- **Task**
Please, without any pictures, set down exactly the part of the listing below that opens with the line containing "Kingaroy Soldiers Memorial" and closes with the line containing "724 North Shore Boulevard".

- **Input data**
- - -

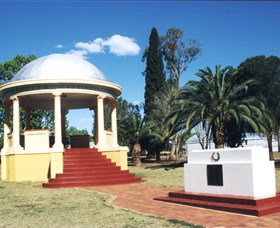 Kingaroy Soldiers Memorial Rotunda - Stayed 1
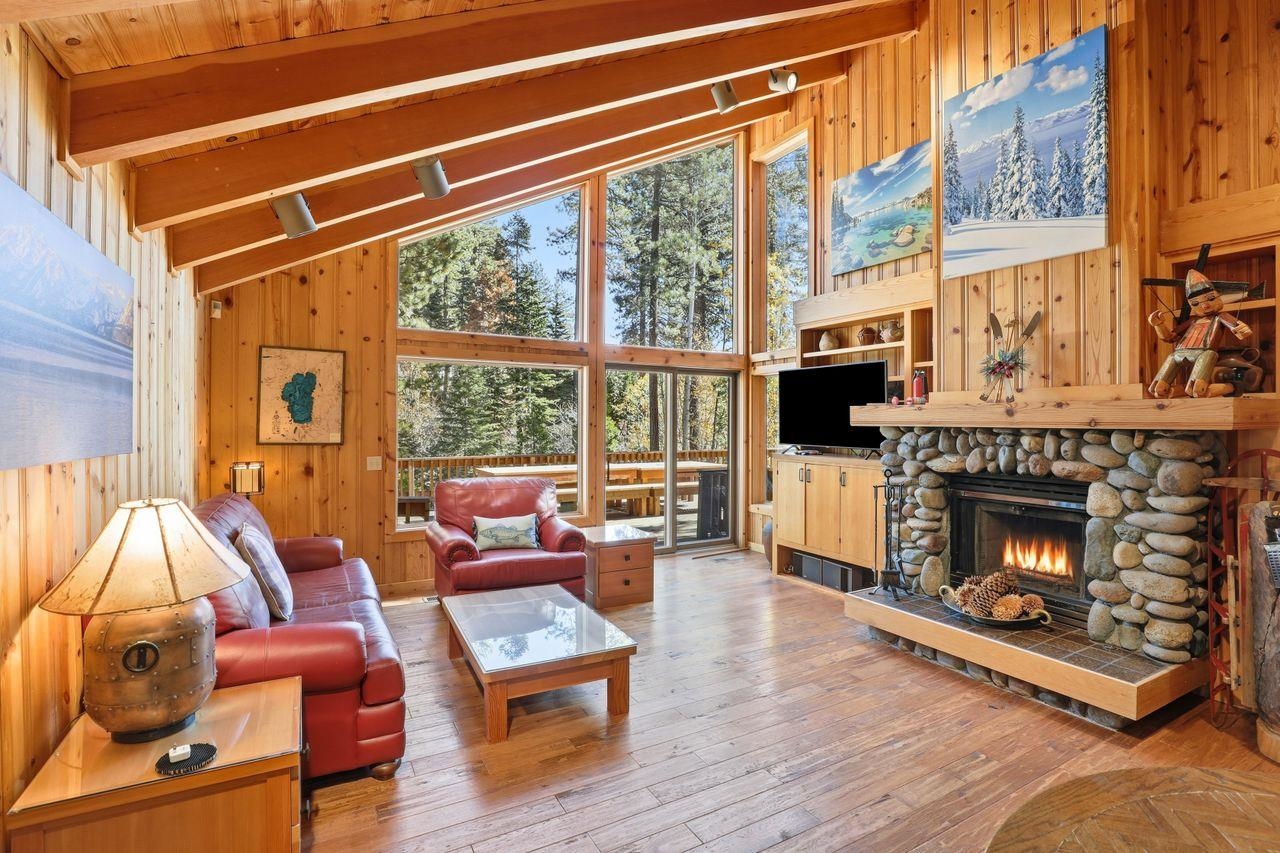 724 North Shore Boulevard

- - -

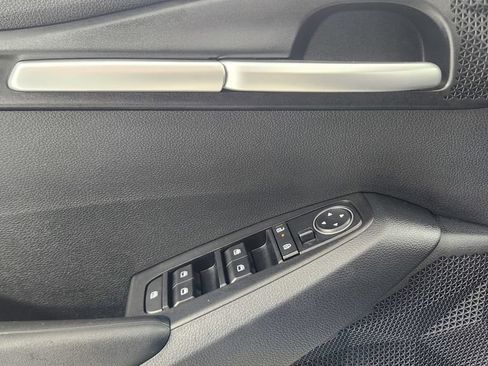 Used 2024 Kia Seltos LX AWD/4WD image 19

- - -

- **Response area**
 Kingaroy Soldiers Memorial Rotunda - Stayed 1
 724 North Shore Boulevard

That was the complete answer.